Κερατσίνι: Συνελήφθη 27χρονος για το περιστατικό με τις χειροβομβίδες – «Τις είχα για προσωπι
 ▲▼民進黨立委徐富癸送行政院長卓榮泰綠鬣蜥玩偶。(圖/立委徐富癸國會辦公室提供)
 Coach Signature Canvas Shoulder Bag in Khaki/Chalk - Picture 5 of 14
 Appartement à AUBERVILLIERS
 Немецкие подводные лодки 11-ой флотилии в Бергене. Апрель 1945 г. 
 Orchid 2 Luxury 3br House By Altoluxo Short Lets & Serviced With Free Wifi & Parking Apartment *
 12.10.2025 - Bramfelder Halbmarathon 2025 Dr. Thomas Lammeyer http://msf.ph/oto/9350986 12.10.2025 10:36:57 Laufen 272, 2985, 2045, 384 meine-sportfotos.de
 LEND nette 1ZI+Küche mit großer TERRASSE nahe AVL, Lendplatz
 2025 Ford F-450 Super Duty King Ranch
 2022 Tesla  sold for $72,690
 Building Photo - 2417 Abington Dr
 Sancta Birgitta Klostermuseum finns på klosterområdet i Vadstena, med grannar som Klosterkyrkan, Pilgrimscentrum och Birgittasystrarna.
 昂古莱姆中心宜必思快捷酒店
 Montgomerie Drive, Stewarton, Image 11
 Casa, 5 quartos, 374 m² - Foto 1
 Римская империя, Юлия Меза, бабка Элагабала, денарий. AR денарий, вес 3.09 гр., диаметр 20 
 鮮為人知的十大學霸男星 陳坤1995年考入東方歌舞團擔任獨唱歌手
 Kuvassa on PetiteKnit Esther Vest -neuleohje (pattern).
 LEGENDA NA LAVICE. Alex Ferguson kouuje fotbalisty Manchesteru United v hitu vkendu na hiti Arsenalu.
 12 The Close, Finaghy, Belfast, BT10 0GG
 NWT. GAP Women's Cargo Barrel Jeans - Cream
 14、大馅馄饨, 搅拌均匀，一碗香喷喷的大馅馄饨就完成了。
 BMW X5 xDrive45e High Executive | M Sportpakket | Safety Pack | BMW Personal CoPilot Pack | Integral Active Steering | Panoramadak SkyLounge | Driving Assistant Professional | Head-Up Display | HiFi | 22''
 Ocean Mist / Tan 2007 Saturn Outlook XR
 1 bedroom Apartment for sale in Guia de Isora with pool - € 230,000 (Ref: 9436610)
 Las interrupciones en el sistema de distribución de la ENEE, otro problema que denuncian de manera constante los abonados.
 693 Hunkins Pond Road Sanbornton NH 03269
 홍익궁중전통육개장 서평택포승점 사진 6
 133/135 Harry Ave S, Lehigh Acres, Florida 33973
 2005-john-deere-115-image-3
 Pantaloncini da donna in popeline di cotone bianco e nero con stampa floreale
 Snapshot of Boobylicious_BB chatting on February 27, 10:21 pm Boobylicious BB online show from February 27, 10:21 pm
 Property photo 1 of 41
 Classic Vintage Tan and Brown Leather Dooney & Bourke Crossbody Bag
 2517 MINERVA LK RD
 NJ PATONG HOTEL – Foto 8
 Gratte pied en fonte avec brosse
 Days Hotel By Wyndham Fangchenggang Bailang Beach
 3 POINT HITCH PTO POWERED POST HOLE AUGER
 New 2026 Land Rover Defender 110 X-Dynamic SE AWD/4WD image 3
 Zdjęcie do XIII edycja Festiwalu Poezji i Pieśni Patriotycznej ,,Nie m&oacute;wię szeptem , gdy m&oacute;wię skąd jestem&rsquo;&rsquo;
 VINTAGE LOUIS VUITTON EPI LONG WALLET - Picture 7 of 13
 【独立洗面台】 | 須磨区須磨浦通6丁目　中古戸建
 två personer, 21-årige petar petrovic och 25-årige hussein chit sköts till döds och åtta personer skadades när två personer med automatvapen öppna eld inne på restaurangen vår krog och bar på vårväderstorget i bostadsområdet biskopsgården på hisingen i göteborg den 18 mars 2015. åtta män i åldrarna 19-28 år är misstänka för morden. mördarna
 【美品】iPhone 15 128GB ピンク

══════

> _BRIEF_
Reproduce verbatim only this range: the first line of the material through the line that contains "Building Photo - 2417 Abington Dr", inclusive.

> _COMPLETED TASK_
Κερατσίνι: Συνελήφθη 27χρονος για το περιστατικό με τις χειροβομβίδες – «Τις είχα για προσωπι
 ▲▼民進黨立委徐富癸送行政院長卓榮泰綠鬣蜥玩偶。(圖/立委徐富癸國會辦公室提供)
 Coach Signature Canvas Shoulder Bag in Khaki/Chalk - Picture 5 of 14
 Appartement à AUBERVILLIERS
 Немецкие подводные лодки 11-ой флотилии в Бергене. Апрель 1945 г. 
 Orchid 2 Luxury 3br House By Altoluxo Short Lets & Serviced With Free Wifi & Parking Apartment *
 12.10.2025 - Bramfelder Halbmarathon 2025 Dr. Thomas Lammeyer http://msf.ph/oto/9350986 12.10.2025 10:36:57 Laufen 272, 2985, 2045, 384 meine-sportfotos.de
 LEND nette 1ZI+Küche mit großer TERRASSE nahe AVL, Lendplatz
 2025 Ford F-450 Super Duty King Ranch
 2022 Tesla  sold for $72,690
 Building Photo - 2417 Abington Dr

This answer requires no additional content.